While it’s the home team coach’s job to talk up the opposition, Rugby Southland have been doing it instead in an effort to get the till ringing.
And the Waratahs do have a handy team.
Injuries have left them vulnerable in the front row and that could be where the Highlanders will probe, but the backline has names in it and the Waratahs are led by flanker Phil Waugh, a player New Zealanders respect.
Most New Zealanders, however, don’t fully trust the Waratahs, a team which often wins the Super 14 in March, despite the competition ending in May.
This edition could be different.
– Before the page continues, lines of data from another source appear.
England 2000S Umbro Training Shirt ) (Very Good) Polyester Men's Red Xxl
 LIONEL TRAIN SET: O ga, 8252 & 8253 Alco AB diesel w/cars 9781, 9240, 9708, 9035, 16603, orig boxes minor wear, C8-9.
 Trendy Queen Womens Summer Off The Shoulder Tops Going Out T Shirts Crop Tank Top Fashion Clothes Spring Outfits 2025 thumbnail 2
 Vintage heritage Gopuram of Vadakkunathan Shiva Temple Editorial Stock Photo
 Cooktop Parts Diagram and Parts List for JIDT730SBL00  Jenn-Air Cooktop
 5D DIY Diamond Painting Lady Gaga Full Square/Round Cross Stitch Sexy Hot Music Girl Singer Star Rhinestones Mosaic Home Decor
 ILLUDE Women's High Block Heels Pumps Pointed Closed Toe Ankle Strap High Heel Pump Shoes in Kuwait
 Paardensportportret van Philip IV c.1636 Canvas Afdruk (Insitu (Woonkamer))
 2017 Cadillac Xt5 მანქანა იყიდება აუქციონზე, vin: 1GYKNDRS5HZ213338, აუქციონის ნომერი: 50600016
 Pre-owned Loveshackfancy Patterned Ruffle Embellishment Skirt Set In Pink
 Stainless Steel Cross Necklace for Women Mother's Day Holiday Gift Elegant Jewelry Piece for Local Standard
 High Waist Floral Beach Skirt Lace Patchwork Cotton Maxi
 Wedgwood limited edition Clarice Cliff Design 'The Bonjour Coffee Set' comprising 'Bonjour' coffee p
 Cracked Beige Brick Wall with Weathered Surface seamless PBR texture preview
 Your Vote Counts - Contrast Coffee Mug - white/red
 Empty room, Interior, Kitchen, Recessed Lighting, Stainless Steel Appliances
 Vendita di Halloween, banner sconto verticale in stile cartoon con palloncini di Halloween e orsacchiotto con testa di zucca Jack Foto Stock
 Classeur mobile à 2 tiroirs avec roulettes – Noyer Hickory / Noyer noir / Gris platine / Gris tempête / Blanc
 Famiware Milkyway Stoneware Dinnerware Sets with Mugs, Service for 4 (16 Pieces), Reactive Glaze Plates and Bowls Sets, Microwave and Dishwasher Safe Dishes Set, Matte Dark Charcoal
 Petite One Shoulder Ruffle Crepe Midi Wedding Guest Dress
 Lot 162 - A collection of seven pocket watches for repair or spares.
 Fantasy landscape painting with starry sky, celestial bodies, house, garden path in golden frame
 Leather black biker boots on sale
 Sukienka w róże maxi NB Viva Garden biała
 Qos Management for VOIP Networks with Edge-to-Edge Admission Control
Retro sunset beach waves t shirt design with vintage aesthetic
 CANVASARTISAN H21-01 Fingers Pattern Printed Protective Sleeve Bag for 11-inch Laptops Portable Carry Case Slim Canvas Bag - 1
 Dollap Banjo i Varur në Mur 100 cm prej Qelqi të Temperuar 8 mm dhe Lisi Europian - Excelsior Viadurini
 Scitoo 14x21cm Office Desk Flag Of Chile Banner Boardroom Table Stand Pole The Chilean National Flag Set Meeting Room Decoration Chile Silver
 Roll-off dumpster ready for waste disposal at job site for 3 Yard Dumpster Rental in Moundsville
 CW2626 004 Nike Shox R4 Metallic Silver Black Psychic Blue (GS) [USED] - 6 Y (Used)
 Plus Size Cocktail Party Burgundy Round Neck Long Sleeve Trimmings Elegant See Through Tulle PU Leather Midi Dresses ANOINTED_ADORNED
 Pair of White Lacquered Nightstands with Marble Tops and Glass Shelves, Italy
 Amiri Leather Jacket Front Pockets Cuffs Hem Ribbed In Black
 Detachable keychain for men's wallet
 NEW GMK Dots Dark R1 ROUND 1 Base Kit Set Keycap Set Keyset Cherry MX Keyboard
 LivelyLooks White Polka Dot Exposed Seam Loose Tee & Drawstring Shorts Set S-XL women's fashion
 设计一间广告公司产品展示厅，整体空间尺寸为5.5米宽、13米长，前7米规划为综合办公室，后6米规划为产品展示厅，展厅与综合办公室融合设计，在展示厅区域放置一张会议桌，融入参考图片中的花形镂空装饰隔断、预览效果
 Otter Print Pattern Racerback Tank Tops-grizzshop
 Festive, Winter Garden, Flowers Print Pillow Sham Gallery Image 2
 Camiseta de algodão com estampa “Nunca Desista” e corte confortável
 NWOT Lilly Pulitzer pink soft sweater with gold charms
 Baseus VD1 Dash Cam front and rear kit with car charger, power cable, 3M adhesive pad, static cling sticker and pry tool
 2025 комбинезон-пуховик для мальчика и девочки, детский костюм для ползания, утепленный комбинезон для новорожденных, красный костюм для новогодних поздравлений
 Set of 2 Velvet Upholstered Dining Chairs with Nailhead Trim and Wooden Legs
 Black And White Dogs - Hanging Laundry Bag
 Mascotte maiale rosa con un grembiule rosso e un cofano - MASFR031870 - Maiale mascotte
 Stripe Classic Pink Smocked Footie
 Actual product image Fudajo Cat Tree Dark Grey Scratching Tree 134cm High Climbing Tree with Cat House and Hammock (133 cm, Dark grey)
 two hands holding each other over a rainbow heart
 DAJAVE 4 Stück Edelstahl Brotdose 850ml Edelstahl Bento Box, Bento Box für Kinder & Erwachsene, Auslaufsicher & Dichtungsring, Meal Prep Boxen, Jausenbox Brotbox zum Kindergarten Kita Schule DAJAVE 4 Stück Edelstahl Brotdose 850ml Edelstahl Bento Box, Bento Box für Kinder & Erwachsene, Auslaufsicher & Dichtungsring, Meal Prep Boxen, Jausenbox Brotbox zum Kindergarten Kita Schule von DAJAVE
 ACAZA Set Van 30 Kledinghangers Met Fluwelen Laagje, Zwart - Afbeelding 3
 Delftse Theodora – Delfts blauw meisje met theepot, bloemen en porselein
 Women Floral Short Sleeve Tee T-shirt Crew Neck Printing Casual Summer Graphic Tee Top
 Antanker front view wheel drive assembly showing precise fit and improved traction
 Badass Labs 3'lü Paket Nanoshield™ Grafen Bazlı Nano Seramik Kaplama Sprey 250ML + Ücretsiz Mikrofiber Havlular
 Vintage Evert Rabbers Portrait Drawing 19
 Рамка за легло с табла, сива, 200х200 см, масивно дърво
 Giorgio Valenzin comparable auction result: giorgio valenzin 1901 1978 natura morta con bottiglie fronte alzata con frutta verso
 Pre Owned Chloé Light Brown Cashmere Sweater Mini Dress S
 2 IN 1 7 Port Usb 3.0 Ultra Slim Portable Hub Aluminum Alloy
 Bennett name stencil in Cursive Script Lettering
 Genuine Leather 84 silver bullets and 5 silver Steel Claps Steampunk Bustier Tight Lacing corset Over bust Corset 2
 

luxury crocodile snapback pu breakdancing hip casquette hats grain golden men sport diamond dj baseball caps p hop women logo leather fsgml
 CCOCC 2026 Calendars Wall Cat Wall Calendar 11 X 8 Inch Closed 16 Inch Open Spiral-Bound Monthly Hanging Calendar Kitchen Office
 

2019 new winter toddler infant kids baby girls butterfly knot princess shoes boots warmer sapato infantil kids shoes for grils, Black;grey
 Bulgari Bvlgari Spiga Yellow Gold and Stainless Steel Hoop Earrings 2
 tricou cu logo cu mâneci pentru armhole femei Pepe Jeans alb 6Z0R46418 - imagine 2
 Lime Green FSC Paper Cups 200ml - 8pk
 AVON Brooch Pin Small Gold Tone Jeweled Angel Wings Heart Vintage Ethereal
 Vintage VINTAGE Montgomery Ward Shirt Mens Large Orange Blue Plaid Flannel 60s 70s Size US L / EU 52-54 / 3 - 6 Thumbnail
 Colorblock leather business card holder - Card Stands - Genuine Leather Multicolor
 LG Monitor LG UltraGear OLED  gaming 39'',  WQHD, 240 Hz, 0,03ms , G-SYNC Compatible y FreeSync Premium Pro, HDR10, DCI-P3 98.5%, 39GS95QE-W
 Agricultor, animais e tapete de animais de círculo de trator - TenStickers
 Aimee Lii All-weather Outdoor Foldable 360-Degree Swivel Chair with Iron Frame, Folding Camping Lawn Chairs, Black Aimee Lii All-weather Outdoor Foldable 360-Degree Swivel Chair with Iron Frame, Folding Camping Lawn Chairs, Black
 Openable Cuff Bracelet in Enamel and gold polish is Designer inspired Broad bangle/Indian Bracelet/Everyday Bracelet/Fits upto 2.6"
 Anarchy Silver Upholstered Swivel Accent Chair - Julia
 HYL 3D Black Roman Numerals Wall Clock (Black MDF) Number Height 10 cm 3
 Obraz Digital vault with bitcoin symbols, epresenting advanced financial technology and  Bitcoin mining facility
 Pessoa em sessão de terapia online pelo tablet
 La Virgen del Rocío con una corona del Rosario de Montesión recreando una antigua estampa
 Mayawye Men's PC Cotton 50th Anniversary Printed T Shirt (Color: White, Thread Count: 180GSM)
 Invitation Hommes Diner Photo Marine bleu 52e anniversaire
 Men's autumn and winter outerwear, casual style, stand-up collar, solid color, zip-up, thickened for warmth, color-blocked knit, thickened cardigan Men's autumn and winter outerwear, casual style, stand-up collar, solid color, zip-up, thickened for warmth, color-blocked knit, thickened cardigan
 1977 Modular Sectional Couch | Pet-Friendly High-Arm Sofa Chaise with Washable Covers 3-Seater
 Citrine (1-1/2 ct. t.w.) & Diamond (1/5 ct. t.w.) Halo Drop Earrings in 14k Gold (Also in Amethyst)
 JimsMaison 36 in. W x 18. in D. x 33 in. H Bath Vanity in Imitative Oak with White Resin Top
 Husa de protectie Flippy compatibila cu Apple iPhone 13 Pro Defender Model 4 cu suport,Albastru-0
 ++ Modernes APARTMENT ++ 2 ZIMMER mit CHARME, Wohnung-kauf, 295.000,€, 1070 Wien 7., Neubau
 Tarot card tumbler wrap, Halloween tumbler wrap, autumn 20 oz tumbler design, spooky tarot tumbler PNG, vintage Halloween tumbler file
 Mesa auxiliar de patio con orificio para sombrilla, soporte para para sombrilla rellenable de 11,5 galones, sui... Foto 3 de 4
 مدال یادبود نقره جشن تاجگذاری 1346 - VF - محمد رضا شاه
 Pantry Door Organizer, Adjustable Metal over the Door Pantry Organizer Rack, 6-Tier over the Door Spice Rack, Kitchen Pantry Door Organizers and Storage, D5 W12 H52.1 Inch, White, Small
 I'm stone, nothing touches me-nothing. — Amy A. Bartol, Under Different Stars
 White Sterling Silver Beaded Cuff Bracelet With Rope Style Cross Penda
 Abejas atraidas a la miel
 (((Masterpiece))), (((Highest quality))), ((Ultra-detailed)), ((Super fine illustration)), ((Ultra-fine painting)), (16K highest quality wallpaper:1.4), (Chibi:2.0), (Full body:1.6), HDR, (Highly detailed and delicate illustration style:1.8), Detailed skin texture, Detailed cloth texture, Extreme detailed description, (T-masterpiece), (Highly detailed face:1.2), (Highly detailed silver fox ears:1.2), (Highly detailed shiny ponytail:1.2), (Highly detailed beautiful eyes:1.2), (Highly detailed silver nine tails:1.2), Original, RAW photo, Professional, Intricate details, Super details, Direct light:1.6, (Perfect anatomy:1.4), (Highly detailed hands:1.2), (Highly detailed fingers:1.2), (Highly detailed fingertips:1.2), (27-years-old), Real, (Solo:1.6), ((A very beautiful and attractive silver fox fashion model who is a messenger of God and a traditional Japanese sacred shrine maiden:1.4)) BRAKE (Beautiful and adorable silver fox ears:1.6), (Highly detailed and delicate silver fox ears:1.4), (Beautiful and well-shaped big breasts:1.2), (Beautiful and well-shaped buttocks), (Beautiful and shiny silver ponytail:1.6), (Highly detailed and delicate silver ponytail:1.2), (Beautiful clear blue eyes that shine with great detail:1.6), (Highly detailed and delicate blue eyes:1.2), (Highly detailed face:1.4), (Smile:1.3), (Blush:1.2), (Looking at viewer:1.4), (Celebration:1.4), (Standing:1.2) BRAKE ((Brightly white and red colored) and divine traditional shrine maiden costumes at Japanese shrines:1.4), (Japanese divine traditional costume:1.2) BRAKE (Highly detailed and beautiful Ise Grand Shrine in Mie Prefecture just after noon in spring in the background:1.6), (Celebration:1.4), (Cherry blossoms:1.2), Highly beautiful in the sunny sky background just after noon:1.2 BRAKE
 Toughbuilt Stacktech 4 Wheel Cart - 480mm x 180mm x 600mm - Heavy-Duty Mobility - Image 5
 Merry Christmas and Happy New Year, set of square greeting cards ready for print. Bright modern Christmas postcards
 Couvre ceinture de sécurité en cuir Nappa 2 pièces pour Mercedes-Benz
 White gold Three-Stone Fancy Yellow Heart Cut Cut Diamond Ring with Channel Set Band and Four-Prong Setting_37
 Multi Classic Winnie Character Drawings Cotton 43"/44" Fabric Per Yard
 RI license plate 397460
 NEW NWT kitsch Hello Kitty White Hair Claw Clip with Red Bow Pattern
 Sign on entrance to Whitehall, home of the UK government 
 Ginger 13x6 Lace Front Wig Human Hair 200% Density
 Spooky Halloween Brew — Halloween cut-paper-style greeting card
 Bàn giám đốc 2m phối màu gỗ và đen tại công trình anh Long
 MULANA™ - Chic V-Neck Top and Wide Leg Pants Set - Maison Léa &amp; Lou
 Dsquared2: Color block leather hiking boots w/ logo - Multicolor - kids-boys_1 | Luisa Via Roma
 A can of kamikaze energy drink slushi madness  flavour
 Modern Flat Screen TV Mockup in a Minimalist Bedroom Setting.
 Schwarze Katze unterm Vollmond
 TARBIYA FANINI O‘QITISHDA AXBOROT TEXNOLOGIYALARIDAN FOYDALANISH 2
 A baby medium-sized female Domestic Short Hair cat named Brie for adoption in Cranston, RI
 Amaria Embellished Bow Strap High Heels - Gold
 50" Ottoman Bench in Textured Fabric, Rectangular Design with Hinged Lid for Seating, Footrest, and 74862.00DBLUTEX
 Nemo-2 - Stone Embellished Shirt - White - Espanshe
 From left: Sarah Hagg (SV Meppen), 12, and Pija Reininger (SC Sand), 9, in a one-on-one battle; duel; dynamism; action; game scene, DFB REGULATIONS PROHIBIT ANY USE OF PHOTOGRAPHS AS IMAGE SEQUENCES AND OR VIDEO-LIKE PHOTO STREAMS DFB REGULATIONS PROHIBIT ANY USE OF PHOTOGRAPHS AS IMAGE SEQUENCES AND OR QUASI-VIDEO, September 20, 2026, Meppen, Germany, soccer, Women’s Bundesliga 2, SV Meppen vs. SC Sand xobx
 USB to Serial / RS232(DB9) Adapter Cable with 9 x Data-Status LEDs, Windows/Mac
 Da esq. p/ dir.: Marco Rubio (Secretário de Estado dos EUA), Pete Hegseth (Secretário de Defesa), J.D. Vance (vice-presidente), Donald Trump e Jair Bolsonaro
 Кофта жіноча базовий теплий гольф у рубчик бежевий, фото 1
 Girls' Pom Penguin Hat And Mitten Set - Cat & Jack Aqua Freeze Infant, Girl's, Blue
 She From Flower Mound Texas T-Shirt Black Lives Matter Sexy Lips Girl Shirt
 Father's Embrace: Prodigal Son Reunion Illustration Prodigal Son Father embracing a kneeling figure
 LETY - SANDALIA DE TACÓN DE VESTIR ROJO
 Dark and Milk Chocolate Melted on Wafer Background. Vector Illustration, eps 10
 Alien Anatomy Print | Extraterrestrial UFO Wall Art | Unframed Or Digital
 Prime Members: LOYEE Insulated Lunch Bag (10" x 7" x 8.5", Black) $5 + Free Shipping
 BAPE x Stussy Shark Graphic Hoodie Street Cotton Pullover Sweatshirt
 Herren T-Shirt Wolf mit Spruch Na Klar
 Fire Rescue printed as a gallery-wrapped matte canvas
Steve Walsh might have helped hand them a win over the Brumbies last week, but they deserve to be just one point outside of the top four having developed a relentless game based around recycling the ball and wearing down the opposition.
Win tonight and the Waratahs could get an elevator ride up the standings with all four teams above them facing tougher assignments this weekend.
Like any number of mallard and paradise ducks tomorrow, the Highlanders are viewing the world from the choked end of a 12 gauge barrel.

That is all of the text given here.